--- What the exercise asks ---
Each line that contains the word "havaianas" counts once; give the total for the records below and nothing else.

### Recorded data ###

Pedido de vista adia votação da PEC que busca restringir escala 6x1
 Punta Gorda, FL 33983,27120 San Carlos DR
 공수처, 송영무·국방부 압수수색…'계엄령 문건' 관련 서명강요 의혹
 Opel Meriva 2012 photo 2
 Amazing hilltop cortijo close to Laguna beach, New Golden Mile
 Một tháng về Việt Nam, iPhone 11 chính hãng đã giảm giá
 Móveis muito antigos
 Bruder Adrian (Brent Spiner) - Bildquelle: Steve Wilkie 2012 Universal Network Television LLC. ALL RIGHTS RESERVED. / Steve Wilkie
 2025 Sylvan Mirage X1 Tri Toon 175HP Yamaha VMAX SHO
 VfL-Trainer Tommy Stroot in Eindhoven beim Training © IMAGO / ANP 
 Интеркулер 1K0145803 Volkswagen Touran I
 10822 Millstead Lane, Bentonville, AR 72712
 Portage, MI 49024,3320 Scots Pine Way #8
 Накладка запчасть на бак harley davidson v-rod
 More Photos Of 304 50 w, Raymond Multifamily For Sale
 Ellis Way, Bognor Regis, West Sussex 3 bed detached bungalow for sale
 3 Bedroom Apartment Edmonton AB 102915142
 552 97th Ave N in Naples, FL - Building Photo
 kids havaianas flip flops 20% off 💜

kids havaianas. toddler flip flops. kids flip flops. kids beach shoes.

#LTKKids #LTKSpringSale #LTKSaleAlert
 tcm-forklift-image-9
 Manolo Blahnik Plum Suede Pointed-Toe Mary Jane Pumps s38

###

--- Response to this task ---
2